What you should do: Beginning with the line that holds "Effects of RPL-EW" and ending with the last line below, repeat each line exactly, leaving any pictures out.

*** Source material ***

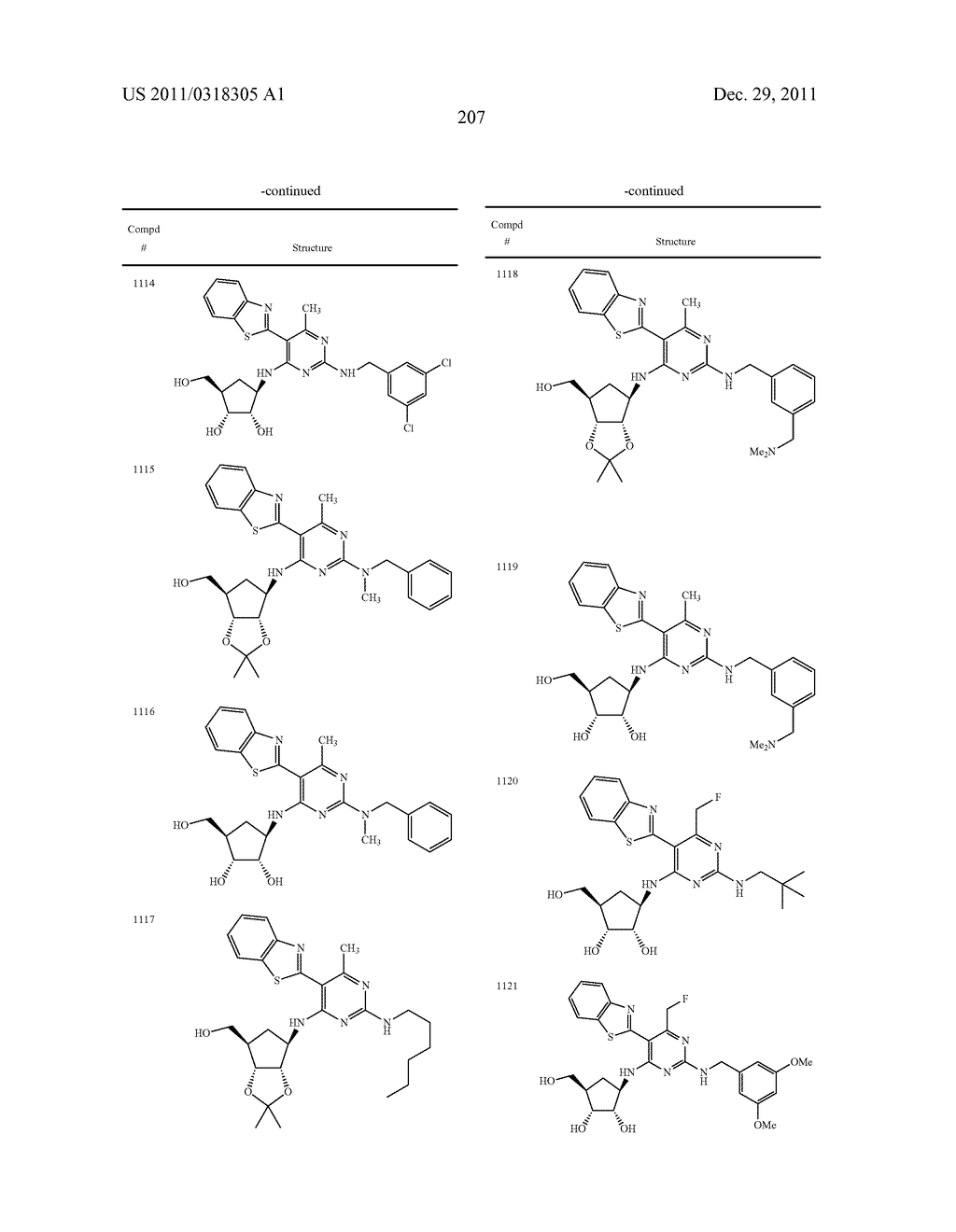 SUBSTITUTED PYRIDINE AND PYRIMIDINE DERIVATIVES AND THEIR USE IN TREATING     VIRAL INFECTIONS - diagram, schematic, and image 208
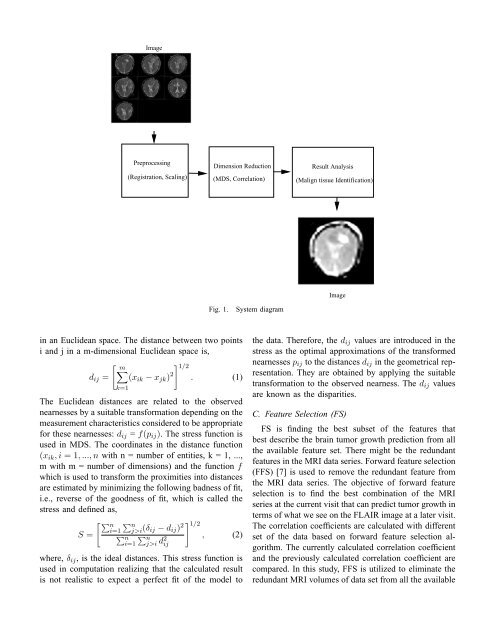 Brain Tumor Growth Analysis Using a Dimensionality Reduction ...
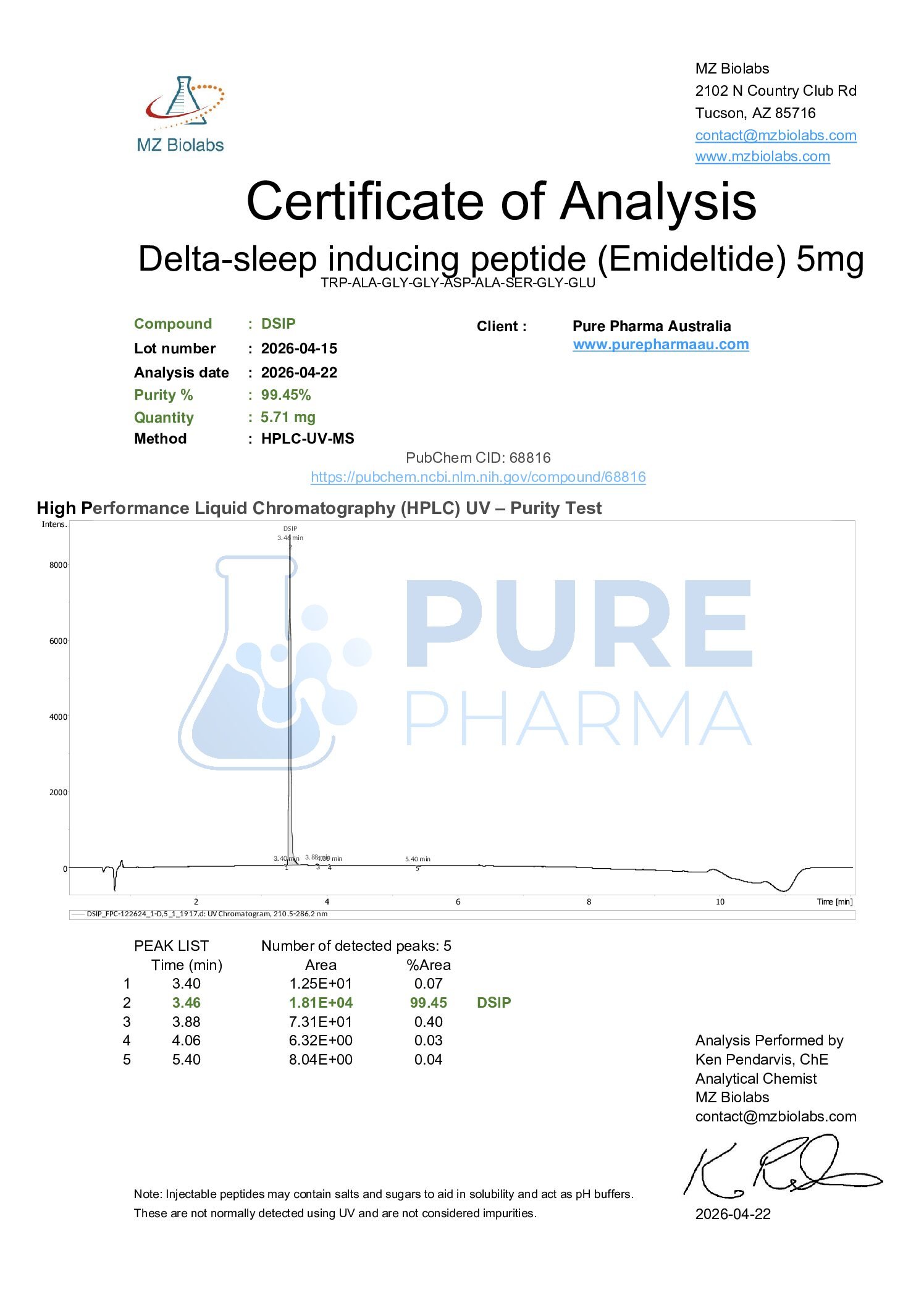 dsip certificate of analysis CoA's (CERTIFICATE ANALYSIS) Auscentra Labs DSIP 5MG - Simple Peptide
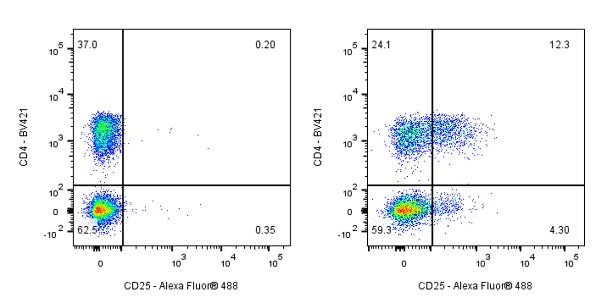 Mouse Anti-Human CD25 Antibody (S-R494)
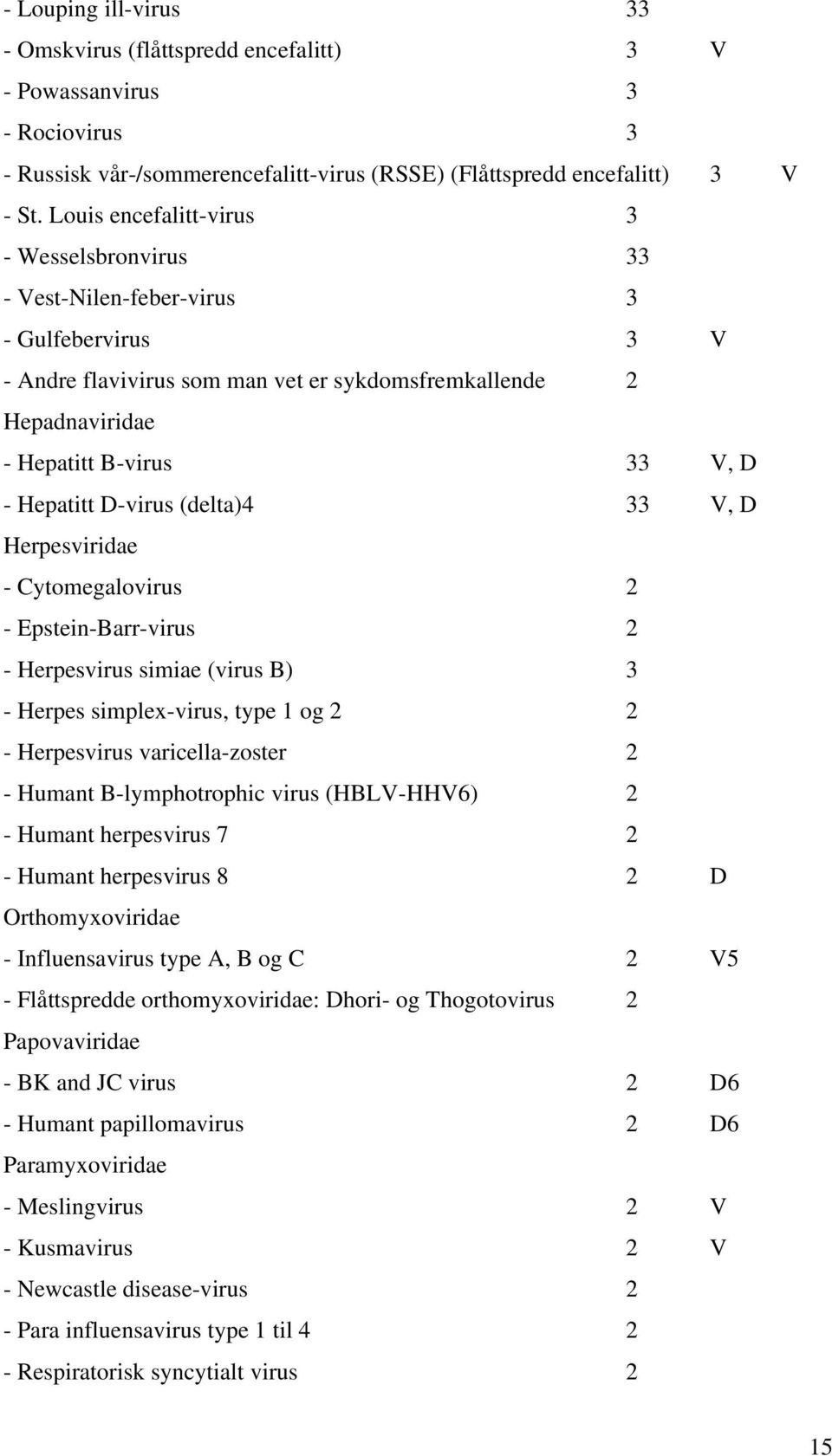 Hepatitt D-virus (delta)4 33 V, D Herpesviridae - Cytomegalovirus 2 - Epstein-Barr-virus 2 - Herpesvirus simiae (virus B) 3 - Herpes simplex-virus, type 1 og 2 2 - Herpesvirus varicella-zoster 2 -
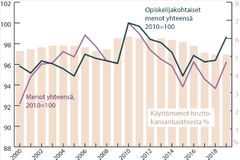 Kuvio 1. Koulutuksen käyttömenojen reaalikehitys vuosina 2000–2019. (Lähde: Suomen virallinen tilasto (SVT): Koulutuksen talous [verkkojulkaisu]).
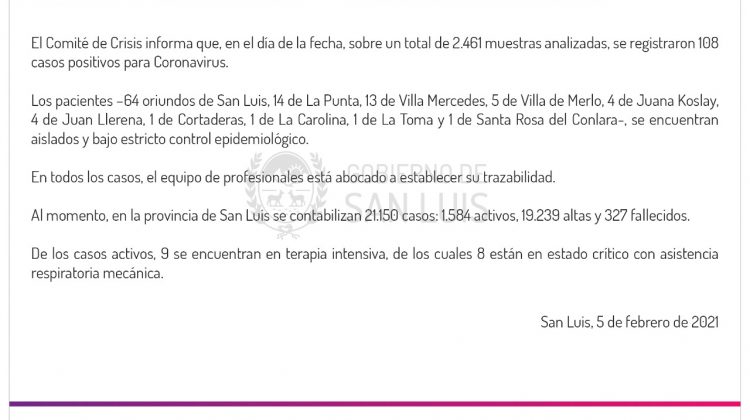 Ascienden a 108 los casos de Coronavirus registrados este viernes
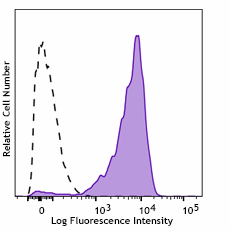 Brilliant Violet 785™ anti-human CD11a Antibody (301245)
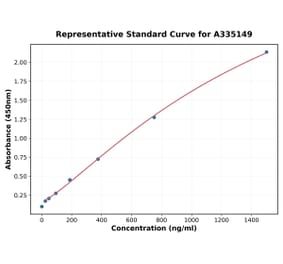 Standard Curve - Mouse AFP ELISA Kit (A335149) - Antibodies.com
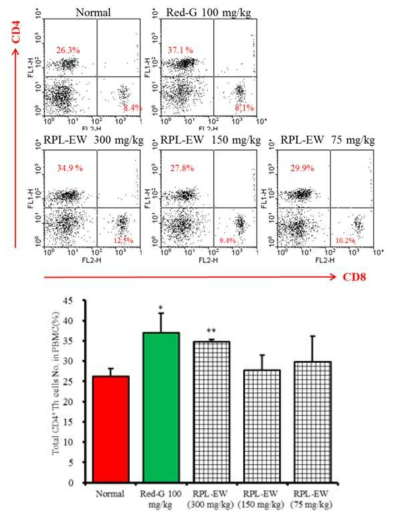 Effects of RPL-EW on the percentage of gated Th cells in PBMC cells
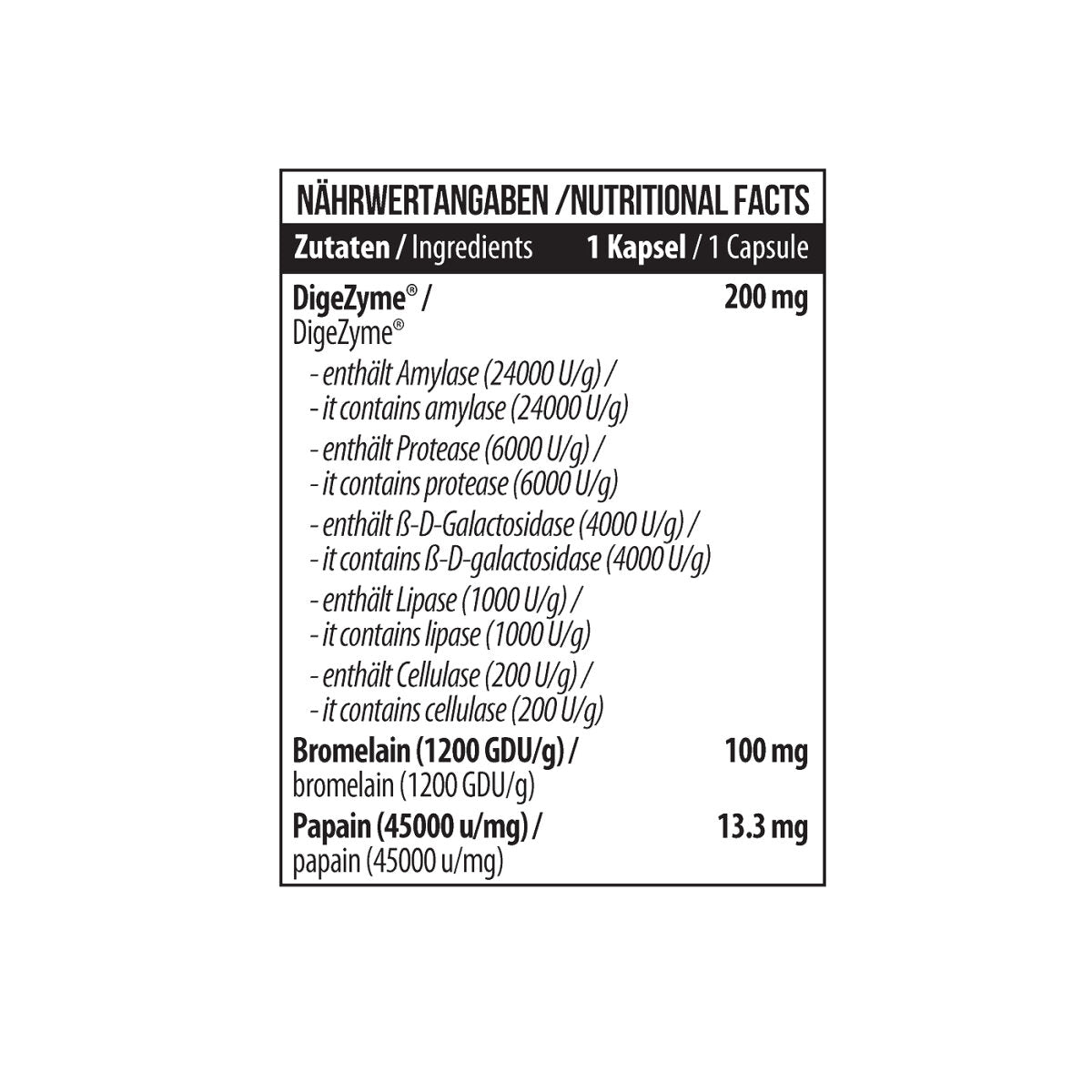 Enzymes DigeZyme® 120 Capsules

*** End of Source material ***

Exercise response:
 Effects of RPL-EW on the percentage of gated Th cells in PBMC cells
 Enzymes DigeZyme® 120 Capsules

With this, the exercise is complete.